■ Exercise objective ■
The following data has a line with "Black and White Checkered Cufflinks" and a line with "Floral Hand Knit Jacket Top arcadeshops.com". Write out exactly those lines and all the lines between them.

■ Data under study ■
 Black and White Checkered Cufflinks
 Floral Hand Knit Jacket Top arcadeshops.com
==
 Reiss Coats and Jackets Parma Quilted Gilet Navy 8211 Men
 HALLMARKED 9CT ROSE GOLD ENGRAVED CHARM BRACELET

■ Solution for this exercise ■
 Black and White Checkered Cufflinks
 Floral Hand Knit Jacket Top arcadeshops.com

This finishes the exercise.